-- Information supplied --
**********

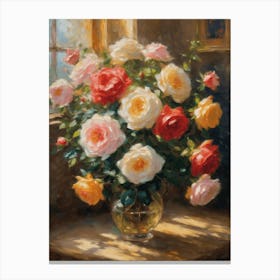 English Roses in Bloom | Antique Oil Painting | Vase of Flowers in Pink and Cream Canvas Print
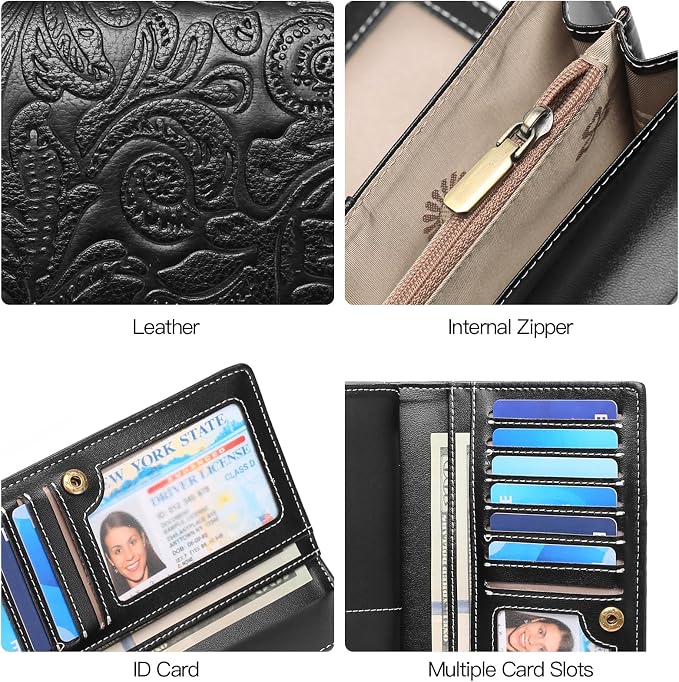 GOIACII Leather Wallets for Women RFID Blocking Western Clutch Black | Embossed Design, Trifold, Large Billfolds, Vintage Flower, Ladies Purses with Zipper Coin Pocket - Image 6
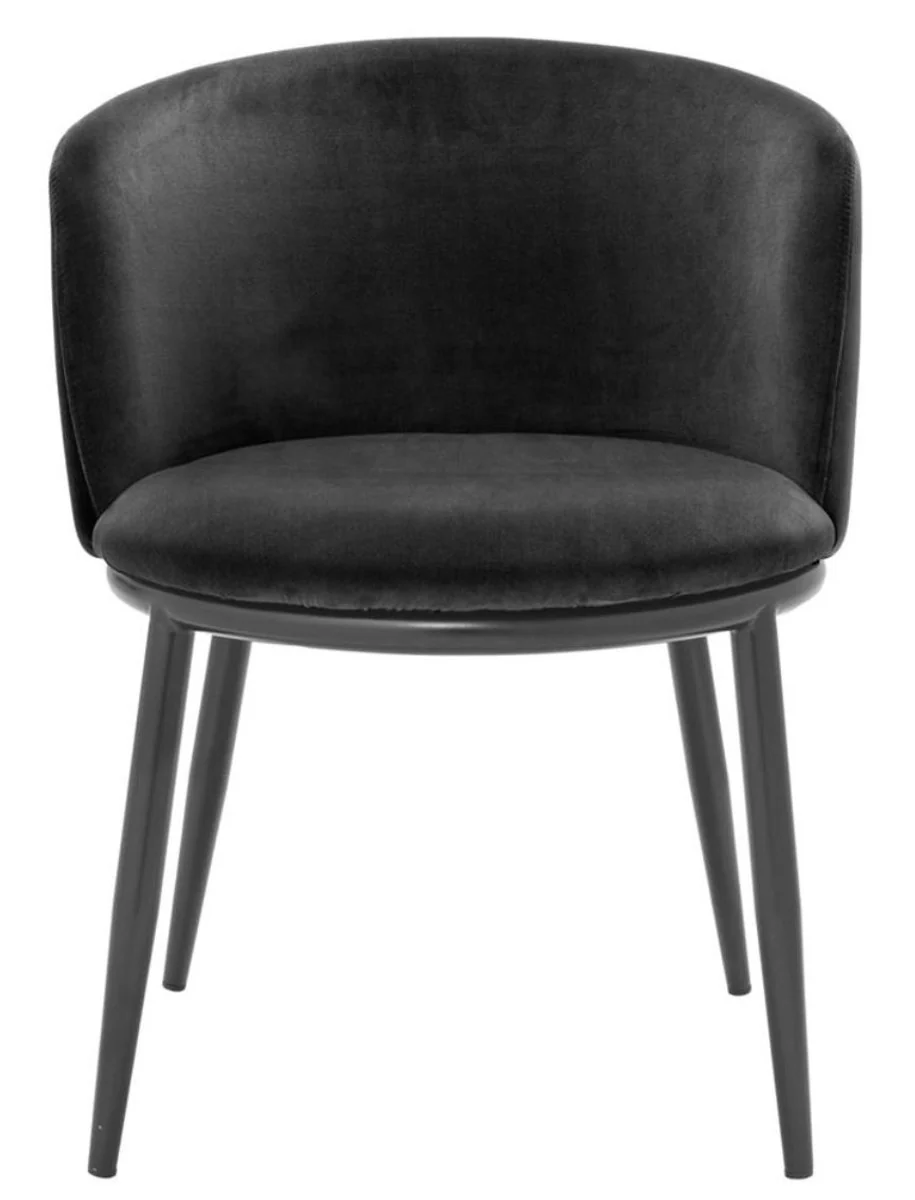 Luxus Esszimmerstuhl Set Schwarz 57 x 57 x H. 74 cm - Esszimmermöbel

**********

-- The problem --
A verbatim transcription of the listing is expected, with no pictures included.

-- Task solution --
 English Roses in Bloom | Antique Oil Painting | Vase of Flowers in Pink and Cream Canvas Print
 GOIACII Leather Wallets for Women RFID Blocking Western Clutch Black | Embossed Design, Trifold, Large Billfolds, Vintage Flower, Ladies Purses with Zipper Coin Pocket - Image 6
 Luxus Esszimmerstuhl Set Schwarz 57 x 57 x H. 74 cm - Esszimmermöbel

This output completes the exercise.